思い出のスケッチ #329
サグラダファミリア贖罪聖堂
早川 佳孝(東京都建築士事務所協会賛助会員会情報委員、『コア東京』編集委員、富田商事株式会社 企画・デザイン部 建築意匠参与)
 イベリア航空にて機中の人となってだいぶ時間が経った。
 機内は薄暗くなっている。親戚四名での旅行で、横に座っている妻はその妹とお喋りに余念がない。私は二〇〇三年一二月に東京都現代美術館で開催された「ガウディかたちの探求」展の冊子抜粋を取り出し読書灯で読むことにする。一寸難解な読み物であるが、なにしろ未だ一七時間ある。時は二〇一九年五月初旬であった。その一五年余り前のガウディ展の折には現物を見に行けるとは思いもよらなかったのでよい機会となった。それよりもっと前、先の東京オリンピックのころ、建築学科の学生だった時にガウディ作品を初めて目にし、その驚愕は強かった。当時は二〇世紀巨匠の時代で、丹下健三、ル・コルビュジエ、F・L・ライト等の機能主義、有機的建築という語句が聞かれる建築界であった。
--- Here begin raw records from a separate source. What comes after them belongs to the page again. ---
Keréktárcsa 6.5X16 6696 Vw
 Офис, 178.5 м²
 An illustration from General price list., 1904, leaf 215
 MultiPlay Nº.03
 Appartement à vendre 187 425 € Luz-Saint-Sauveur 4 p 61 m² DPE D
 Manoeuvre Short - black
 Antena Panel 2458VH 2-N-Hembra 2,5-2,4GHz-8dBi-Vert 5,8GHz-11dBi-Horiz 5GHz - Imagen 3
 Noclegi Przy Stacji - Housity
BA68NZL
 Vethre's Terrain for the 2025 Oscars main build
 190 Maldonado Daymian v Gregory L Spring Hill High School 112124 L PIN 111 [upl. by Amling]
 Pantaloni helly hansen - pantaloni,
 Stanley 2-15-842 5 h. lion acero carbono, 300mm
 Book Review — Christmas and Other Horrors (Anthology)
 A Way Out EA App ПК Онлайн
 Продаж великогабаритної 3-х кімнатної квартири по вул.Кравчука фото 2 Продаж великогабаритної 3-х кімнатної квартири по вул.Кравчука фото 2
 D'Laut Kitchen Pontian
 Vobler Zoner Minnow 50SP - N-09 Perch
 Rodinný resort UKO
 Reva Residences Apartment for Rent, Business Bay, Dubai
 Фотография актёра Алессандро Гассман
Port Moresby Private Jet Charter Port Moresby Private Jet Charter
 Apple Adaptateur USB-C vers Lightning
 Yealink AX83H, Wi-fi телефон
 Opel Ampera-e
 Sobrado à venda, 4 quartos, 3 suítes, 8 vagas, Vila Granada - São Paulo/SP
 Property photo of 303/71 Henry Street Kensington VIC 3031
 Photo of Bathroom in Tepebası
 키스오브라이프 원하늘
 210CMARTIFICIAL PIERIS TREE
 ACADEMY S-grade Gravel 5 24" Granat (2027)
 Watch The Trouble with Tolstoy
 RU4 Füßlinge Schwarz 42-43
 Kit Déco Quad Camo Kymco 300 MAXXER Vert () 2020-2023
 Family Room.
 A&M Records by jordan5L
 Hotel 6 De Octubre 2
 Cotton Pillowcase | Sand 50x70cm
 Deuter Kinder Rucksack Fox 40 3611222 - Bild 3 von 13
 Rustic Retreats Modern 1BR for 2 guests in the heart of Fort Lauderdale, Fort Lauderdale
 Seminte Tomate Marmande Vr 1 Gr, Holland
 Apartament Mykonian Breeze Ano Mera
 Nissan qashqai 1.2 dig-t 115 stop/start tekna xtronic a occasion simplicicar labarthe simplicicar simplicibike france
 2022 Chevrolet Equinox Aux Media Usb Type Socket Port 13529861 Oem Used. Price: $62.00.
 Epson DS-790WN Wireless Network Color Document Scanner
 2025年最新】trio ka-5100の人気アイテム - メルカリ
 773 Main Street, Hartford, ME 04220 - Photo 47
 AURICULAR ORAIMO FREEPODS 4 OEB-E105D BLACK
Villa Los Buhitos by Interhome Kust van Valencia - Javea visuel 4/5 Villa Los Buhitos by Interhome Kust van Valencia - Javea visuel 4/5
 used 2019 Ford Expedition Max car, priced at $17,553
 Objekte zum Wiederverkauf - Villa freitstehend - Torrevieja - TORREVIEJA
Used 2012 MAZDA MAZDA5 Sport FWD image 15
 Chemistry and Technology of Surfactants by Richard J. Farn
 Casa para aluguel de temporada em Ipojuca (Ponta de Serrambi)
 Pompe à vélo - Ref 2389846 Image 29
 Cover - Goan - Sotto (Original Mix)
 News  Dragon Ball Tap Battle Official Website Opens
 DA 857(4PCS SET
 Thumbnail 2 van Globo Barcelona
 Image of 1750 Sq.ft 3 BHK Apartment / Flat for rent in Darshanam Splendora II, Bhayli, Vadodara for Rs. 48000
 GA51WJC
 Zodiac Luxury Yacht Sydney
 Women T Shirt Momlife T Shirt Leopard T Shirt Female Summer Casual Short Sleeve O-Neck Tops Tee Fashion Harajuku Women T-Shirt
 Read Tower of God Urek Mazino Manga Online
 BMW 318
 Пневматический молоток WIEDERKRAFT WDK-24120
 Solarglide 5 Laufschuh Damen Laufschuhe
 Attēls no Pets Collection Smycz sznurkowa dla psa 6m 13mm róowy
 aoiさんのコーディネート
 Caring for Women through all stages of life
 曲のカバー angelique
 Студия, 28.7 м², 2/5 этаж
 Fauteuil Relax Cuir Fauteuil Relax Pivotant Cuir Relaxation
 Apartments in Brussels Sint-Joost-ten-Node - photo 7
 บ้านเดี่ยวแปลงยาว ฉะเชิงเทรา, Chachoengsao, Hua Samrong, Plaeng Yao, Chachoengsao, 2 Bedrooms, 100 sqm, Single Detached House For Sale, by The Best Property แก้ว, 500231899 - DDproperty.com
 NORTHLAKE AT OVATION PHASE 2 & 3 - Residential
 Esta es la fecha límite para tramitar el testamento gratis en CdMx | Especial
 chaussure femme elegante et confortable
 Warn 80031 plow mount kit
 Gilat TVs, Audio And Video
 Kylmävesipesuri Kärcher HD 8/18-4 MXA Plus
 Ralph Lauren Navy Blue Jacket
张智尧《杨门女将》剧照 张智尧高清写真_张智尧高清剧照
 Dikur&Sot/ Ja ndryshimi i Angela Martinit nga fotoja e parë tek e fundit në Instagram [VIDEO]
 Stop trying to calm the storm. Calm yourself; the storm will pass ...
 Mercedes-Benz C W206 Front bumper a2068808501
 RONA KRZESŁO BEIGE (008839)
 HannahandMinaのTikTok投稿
 その、「サグラ・ダファミリア贖罪聖堂」の建設経緯を簡略化して見てみよう。
 経過時間:二〇二〇年(現時点)–一八八二年(着工)=一三八年
 残工期:二〇二六年(完成予定)–二〇二〇年=(あと)六年
 短縮時間:三〇〇年(要工期)–一三八年(経過)–六年=一五六年
 なぜ「サグラ・ダファミリア贖罪聖堂」の工期が三〇〇年から一五〇年も短縮されたのか。それには次の要因等が考えられる。
①社会的背景の影響、特にスペイン戦争。
②建設費の調達が従来の寄進から観光客による収入増大へと変わった。
③技術革新による3Dプリンターの出現。
 私は以前からこれに注目していた。即ち、「3Dプリンター+ソフト」の力である。
 ところで、このスケッチについては、作画に当たってどう表現するか。これには実物制作の方式に倣い、2Dプリンターとカメラ技術の力を借りることとした。
 さて最後に、建築も技術の進歩に同調していくだけでいいのか。各々の思慮が問われる。建築は凍れる音楽といわれ、未完成交響曲の如く「我が恋の終わらざるが如くこの曲もおわらざりき」の言葉のように、日々神に祈りを捧げ、コツコツといつ出来上がるとも知れず建設が続くのも、見果てぬ天上への夢ではないか……。